* WHAT THE TASK REQUIRES: Quote every line below exactly and skip any picture.

* MATERIAL FOR THE TASK:
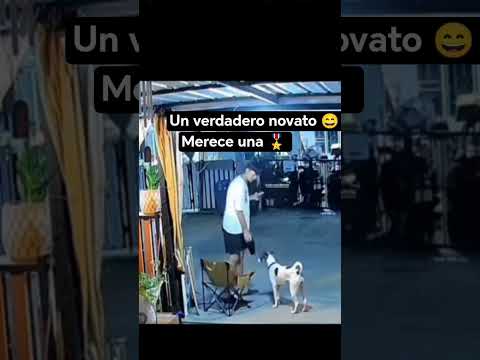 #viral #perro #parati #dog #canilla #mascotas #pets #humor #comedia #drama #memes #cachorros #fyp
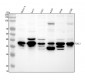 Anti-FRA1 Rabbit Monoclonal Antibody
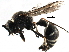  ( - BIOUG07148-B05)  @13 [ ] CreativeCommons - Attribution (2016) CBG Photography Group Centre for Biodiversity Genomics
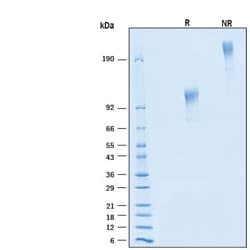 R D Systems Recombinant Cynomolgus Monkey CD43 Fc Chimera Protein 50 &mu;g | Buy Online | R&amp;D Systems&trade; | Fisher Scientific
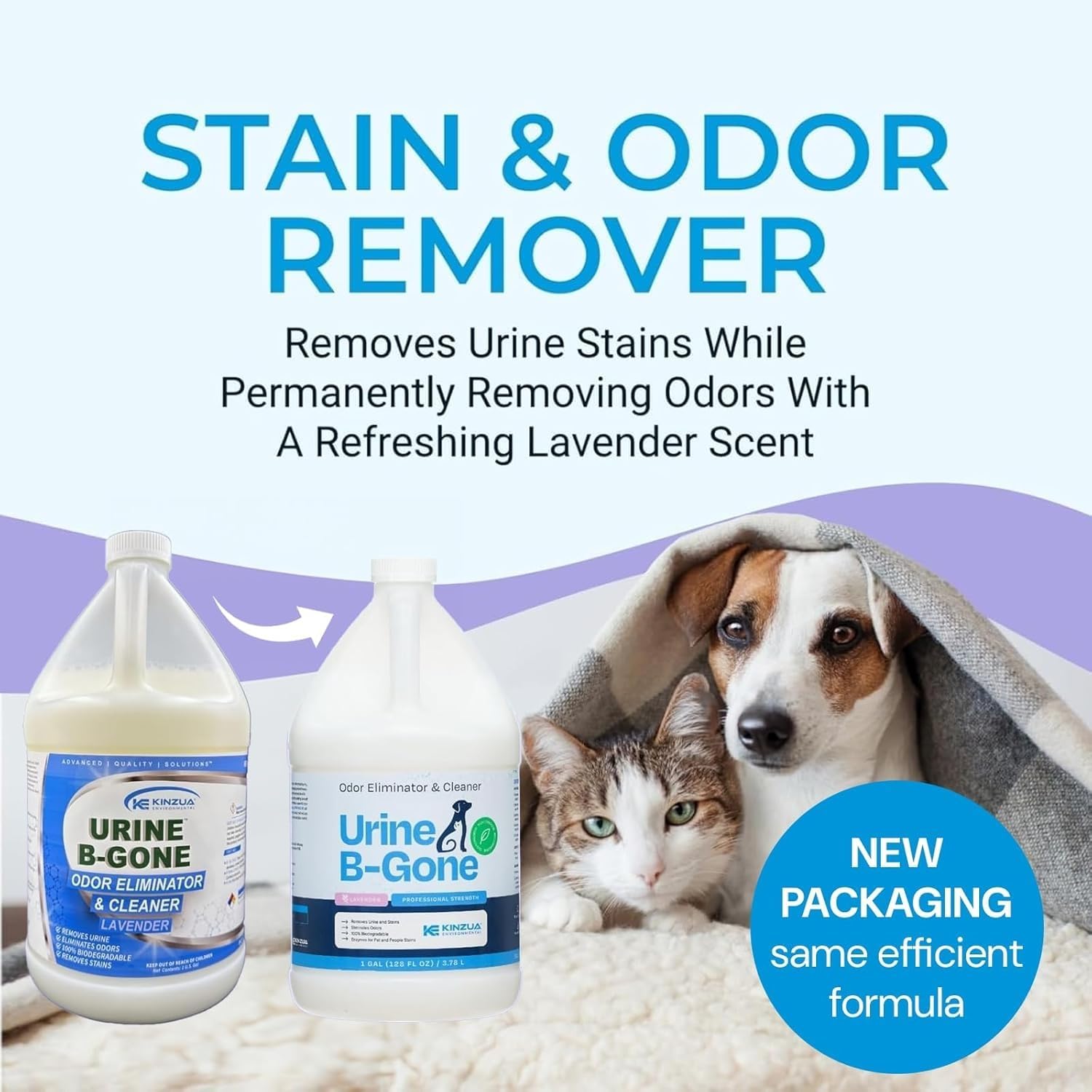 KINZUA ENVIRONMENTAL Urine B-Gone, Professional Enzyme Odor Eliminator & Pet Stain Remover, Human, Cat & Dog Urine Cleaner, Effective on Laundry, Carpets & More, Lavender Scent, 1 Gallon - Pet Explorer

* RESPONSE AREA:
 #viral #perro #parati #dog #canilla #mascotas #pets #humor #comedia #drama #memes #cachorros #fyp
 Anti-FRA1 Rabbit Monoclonal Antibody
  ( - BIOUG07148-B05)  @13 [ ] CreativeCommons - Attribution (2016) CBG Photography Group Centre for Biodiversity Genomics
 R D Systems Recombinant Cynomolgus Monkey CD43 Fc Chimera Protein 50 &mu;g | Buy Online | R&amp;D Systems&trade; | Fisher Scientific
 KINZUA ENVIRONMENTAL Urine B-Gone, Professional Enzyme Odor Eliminator & Pet Stain Remover, Human, Cat & Dog Urine Cleaner, Effective on Laundry, Carpets & More, Lavender Scent, 1 Gallon - Pet Explorer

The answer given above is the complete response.